1. Field of the Invention
This invention relates to a flowcell for measurement of fluid sample constituents.
2. Prior Art
Heretofore flowcells for use in continuous-flow analysis have been of the type in which a ray of light is directed transversely through a sample fluid path in a single plane (U.S. Pat. No. 3,518,009) for detection on the opposite side of the path, and of the type such as shown in Bellinger et al U.S. Pat. No. 3,740,158 wherein the sight path is axially along a portion of the fluid path. Commonly, the cross sectional dimension of the fluid path is 1 mm or less which severly limits the cross sectional size of the sight path. In the use of flowcells of the last-mentioned type, a common difficulty has been encountered in the accumulation of debris at the points of the fluid path, coincident with the sight path, where the fluid path enters and leaves the sight path. This debris, which is located where the fluid angularly enters the sight path and leaves it, causes optical noise in sample measurements. Attempts have been made to minimize entrapment of debris, such as small bubbles and dirt, by curving surfaces of the fluid path, as in Isreeli U.S. Pat. No. 3,236,602, or by beveling such surfaces as in Rachlis et al U.S. Pat. No. 3,583,817. Such collection of debris is avoided in Pelavin U.S. Pat. No. 3,418,053 where the fluid path is straight and the light input and output is angled with respect to the path. However, there is a significant light energy loss due to the flowcell structure and such attempts have not been entirely successful. The present invention seeks to obviate these difficulties. Heretofore, as in the last-mentioned structure, attempts have been made to reflect light energy within the flowcell by use of an axially extending silvered or bright surface portion of the cell acting as a mirror reflecting light energy back and forth across the fluid path. However, the significant loss of light energy occassioned by mirror reflections is well known. Further, the length of the sight path is not fixed. Hence, the length of the sight path may be different for different ones of the samples. This gives rise to lack of precision in analysis.

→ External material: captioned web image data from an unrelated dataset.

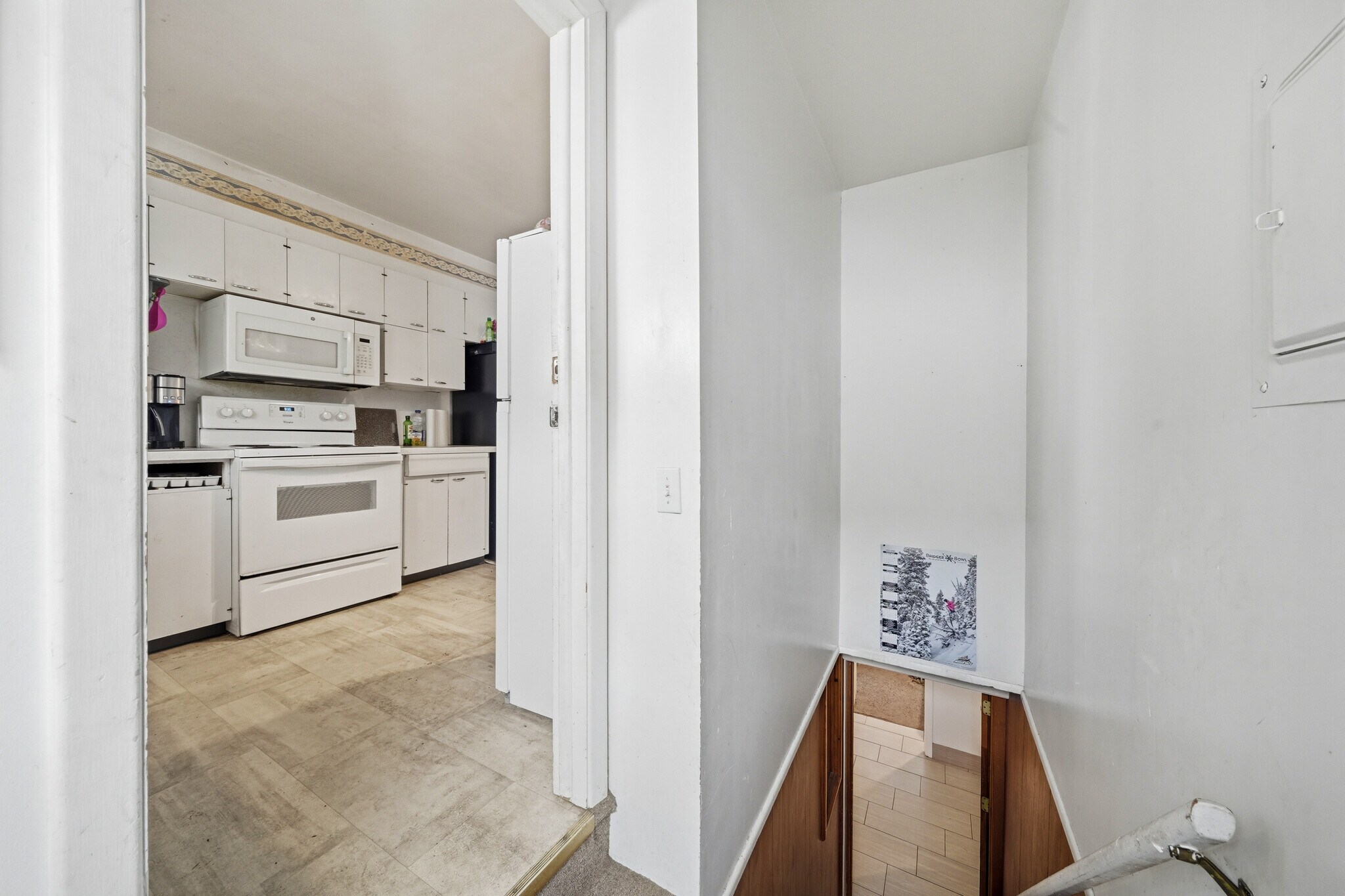 Building Photo - 517 S 13th Ave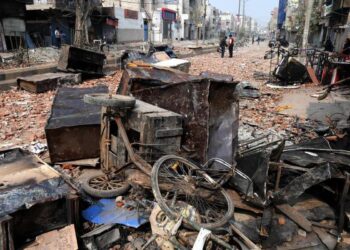 दिल्ली दंगा मामला: अदालत ने सबूतों से छेड़छाड़ पर जांच अधिकारी को फटकार लगाई।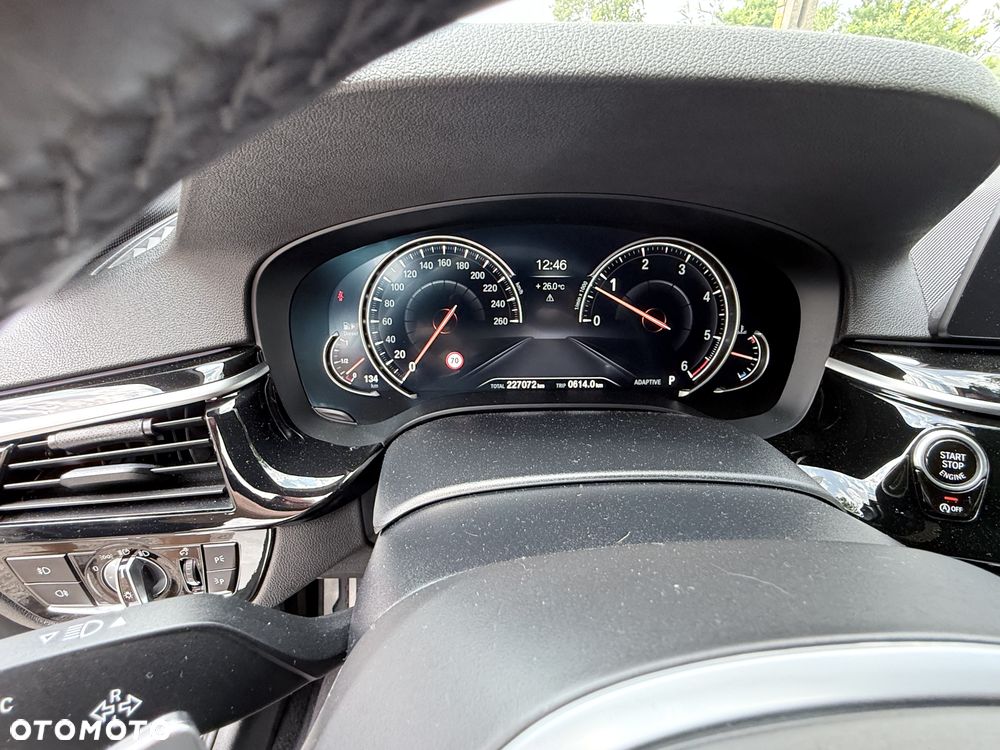 BMW Seria 5 540d xDrive M Sport sport - 17
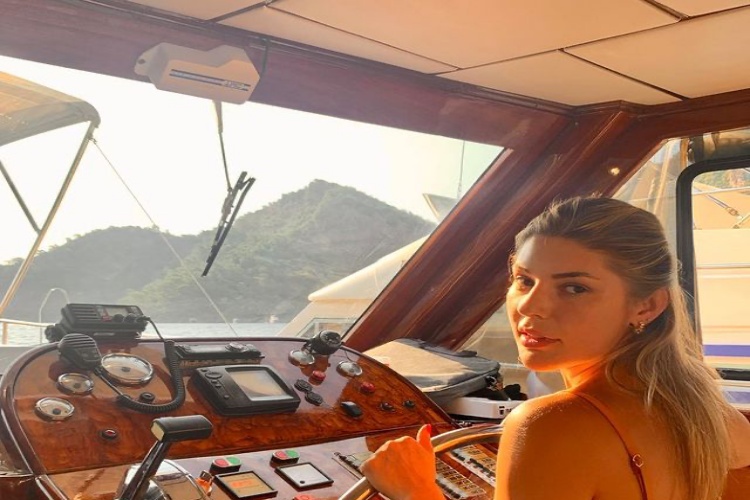 Buse Sinem İren Kaç Yaşında?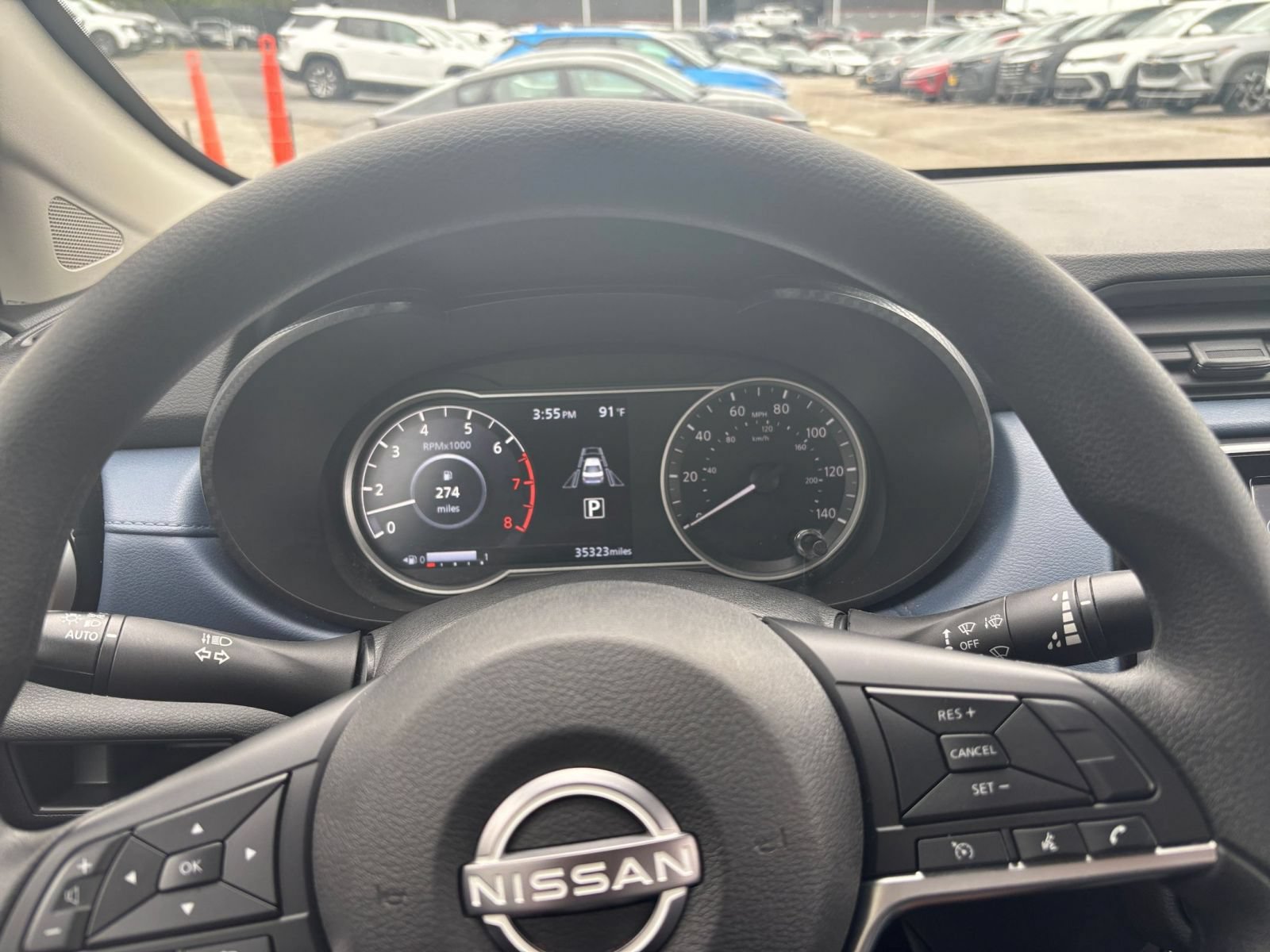 Used 2025 Nissan Versa SV FWD image 28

In flowcells, generally, and specifically those utilizing laser illumination, it is old to use total internal reflections for reflection of light energy, such reflections being provided by a polished cell surface. These reflections do not suffer the loss of light energy occassioned by mirror surfaces. The present invention contemplates use of such total internal reflections in a new combination.
Further, attempts are known, as in dye lasers, at multiple pass transverse illumination of a dye path by internal reflections in a dye cell as by Ulrich Fritzler as evidenced in Journal of Physics E: Scientific Instruments, Vol. 7, 1974 printed in Great Britain. However, it is obvious that such attempts were not for the purpose of measurement of a fluid sample constituent and that Fritzler was not faced with the problem of getting light energy out of the cell for detection by a detector.